• [Image-text web data]
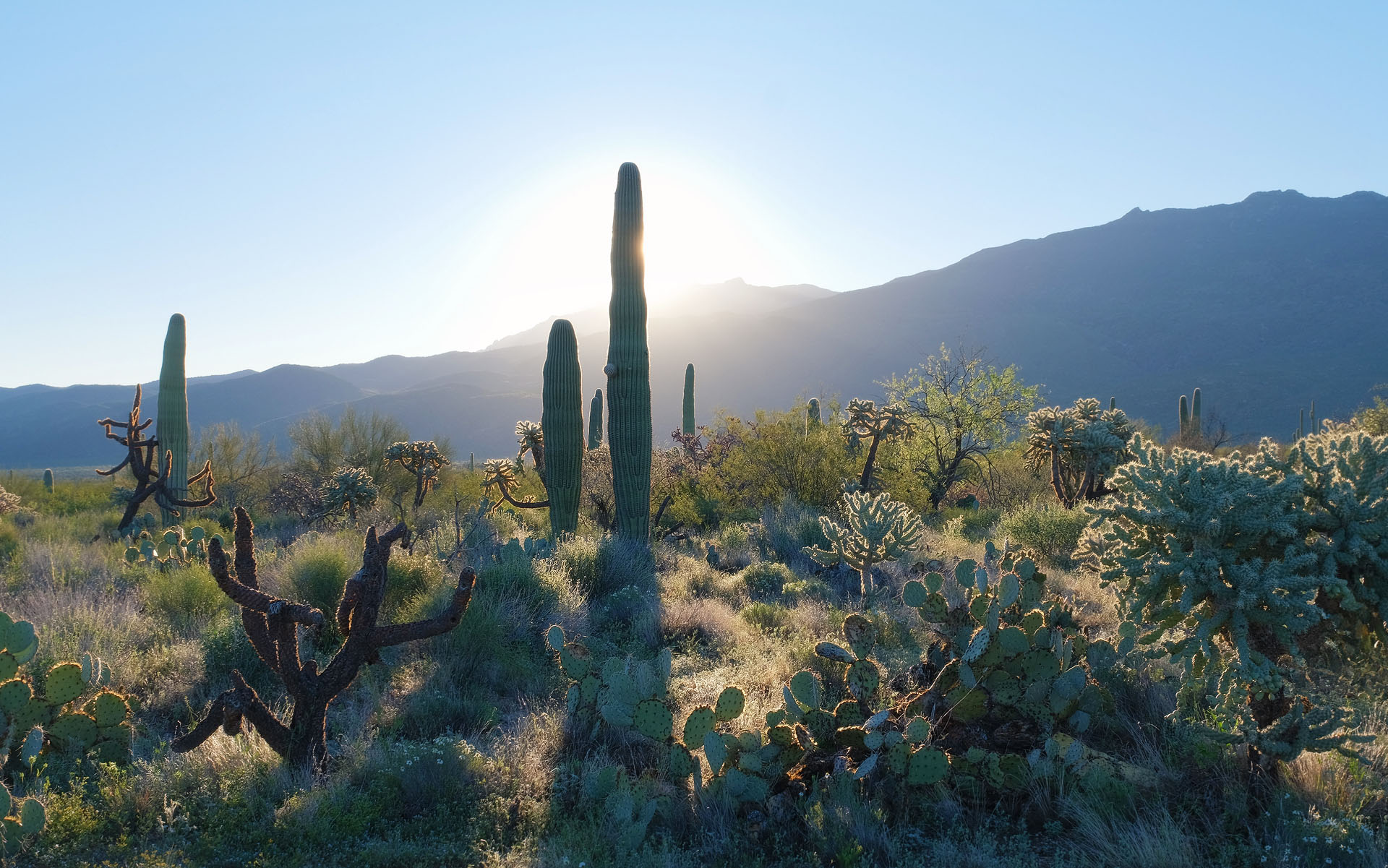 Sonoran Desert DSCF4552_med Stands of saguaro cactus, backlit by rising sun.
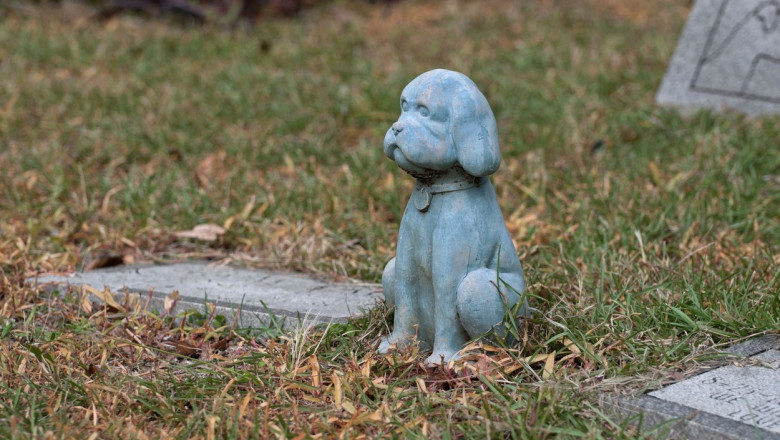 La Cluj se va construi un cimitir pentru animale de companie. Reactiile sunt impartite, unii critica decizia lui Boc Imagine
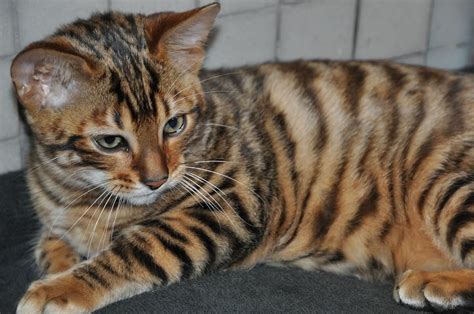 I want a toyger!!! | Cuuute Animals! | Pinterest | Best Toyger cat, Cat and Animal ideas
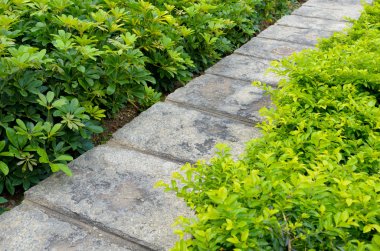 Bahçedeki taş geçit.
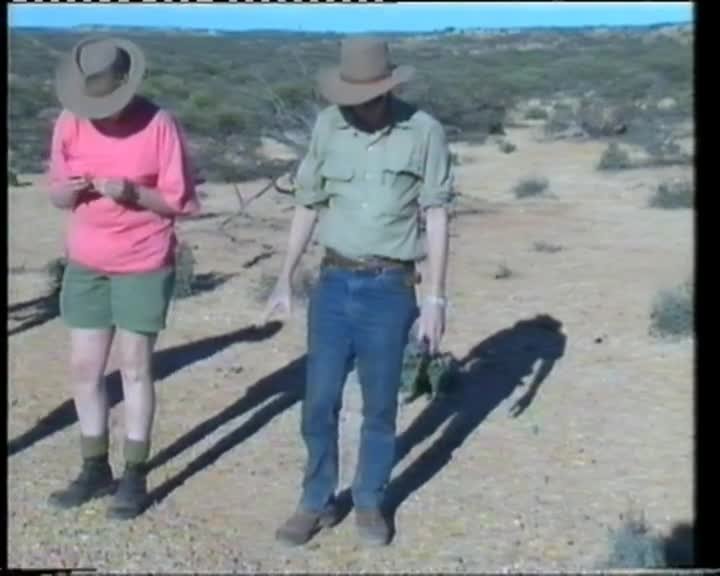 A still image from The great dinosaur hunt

• [Exercise directions] Set down exactly the lines between the line containing "La Cluj se va" and the end of the records above, both ends included; pictures stay out.

• [Finished exercise]
 La Cluj se va construi un cimitir pentru animale de companie. Reactiile sunt impartite, unii critica decizia lui Boc Imagine
 I want a toyger!!! | Cuuute Animals! | Pinterest | Best Toyger cat, Cat and Animal ideas
 Bahçedeki taş geçit.
 A still image from The great dinosaur hunt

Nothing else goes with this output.